The warning came in a report titled "No Safe Place to Heal", published by the humanitarian medical organization.
The World Health Organization has recorded 2,811 attacks on healthcare facilities in Ukraine between February 2022 and the end of 2025, MSF said, while Ukraine's Health Ministry reports that Russian forces damaged or destroyed more than 2,500 medical facilities over the same period.
MSF said it had documented more than 20 attacks since April 2022 on facilities linked to its own operations. Four hospitals where the organization worked were completely destroyed, seven ambulance stations had to be abandoned, and MSF lost access to more than 80 villages across six regions that it had supported through mobile primary healthcare clinics.
"These attacks are too regular, too frequent, and too precise to be considered random", Robin Meldrum, MSF's head of mission in Ukraine, said. "It is not a coincidence when hospitals are repeatedly struck, when ambulances become targets of precision drone strikes, and when healthcare workers are killed while trying to deliver medicine in clearly marked vehicles. This is a pattern, and behind patterns lies intent".
MSF noted that deliberately attacking clearly marked medical personnel or vehicles can constitute a war crime under international humanitarian law. It said "double-tap" strikes — a second attack following shortly after an initial one, targeting rescuers and bystanders responding to the first strike — occur regularly.
"The logic is deliberate: the first strike draws in rescuers, and the second — often within minutes — targets the rescue operation itself", MSF said, adding that this makes providing aid deadly, increases casualties and deters future rescue efforts.
Medical teams, it said, can no longer decide whether to approach a strike site based on medical need alone, but must also weigh the likelihood of a follow-up attack.
MSF said attacks on medical infrastructure, combined with fear of strikes on civilians, have caused a collapse in access to care. A survey of 187 civilians in front-line regions found the share who "always" or "mostly" had access to healthcare fell to 35% from 72% before the escalation, while those with "rare" or "no" access rose to 35% from 7%.
The group said this has led to suffering and death from treatable conditions such as cardiovascular disease, diabetes and epilepsy, which have become life-threatening due to interrupted treatment and delayed care.

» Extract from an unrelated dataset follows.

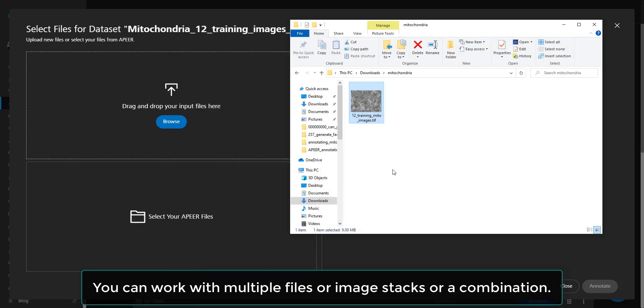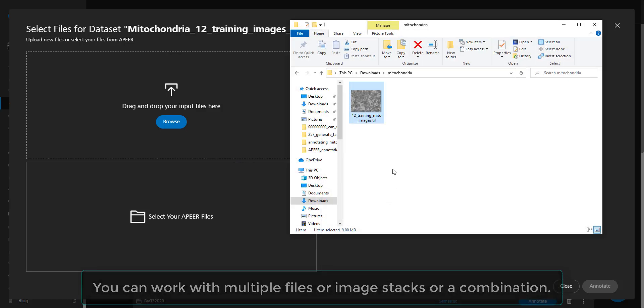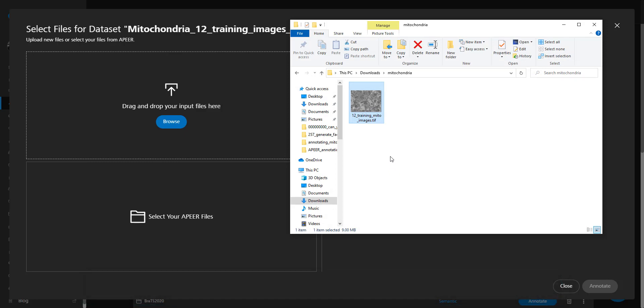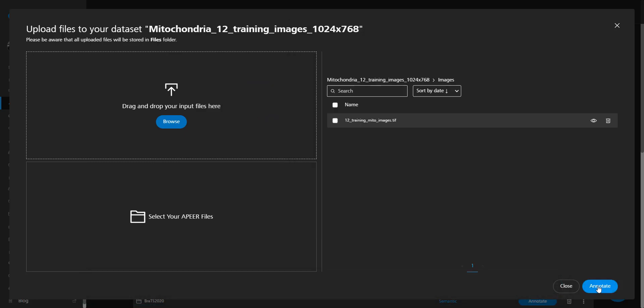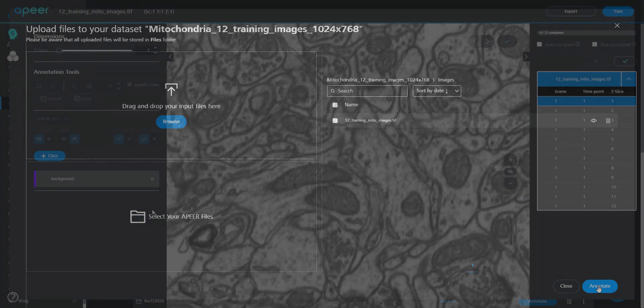Let's upload a TIFF stack of 12 images, each 1024 by 768 resolution. Click Annotate to get started with the annotation.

At one MSF-supported hospital in Kherson, the number of doctors has fallen 66% since 2022, it said.
MSF cited a U.N. Security Council resolution, now a decade old, requiring protection of humanitarian and medical personnel, patients and healthcare infrastructure in armed conflicts. It called on states with influence over Russia to press for an end to the attacks, and urged the Security Council to investigate and publicly condemn strikes on healthcare facilities in line with Resolution 2286.

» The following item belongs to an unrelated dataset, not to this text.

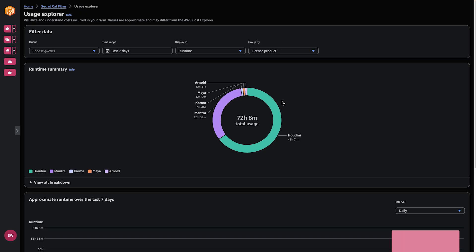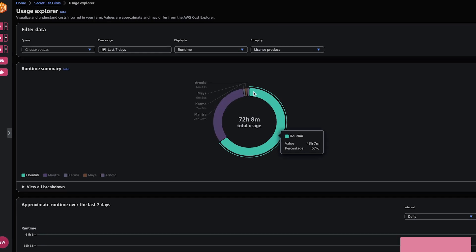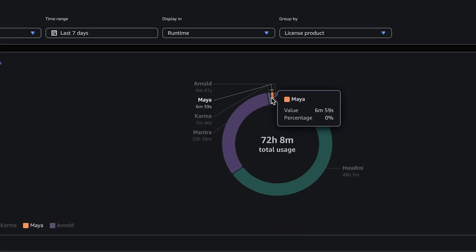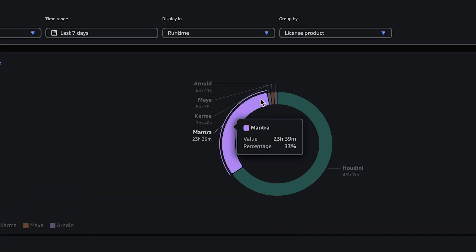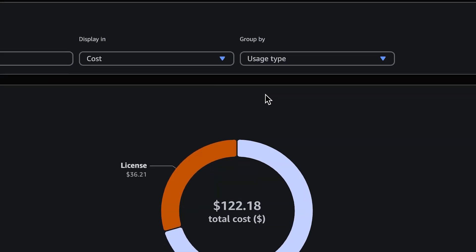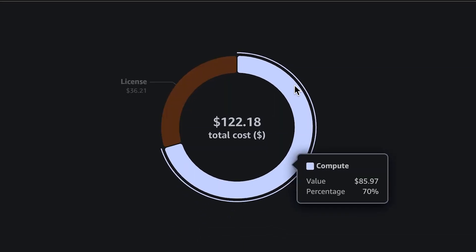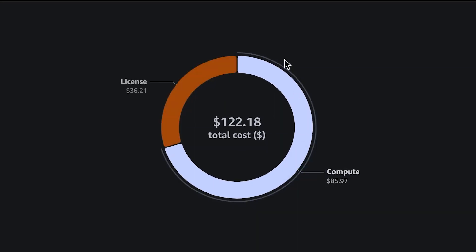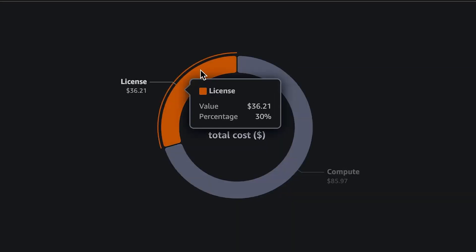No upfront purchases, no commitments, no ongoing support costs, and no unused hours at the end of a project. Deadline Cloud handles all the complexity of deploying and managing licensed servers behind the scenes, so you don't have to worry about it. Details are available right in the usage explorer of Deadline Cloud Monitor to see your approximate spend.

The report draws on cases witnessed by MSF staff in Ukraine, quantitative medical data collected under the organization's standard protocols, the civilian survey conducted in the Mykolaiv, Dnipropetrovsk, Kherson and Zaporizhzhia regions, and 30 interviews with MSF staff and patients. MSF said testimonies were gathered with informed consent and have largely been anonymized and shortened to protect those interviewed.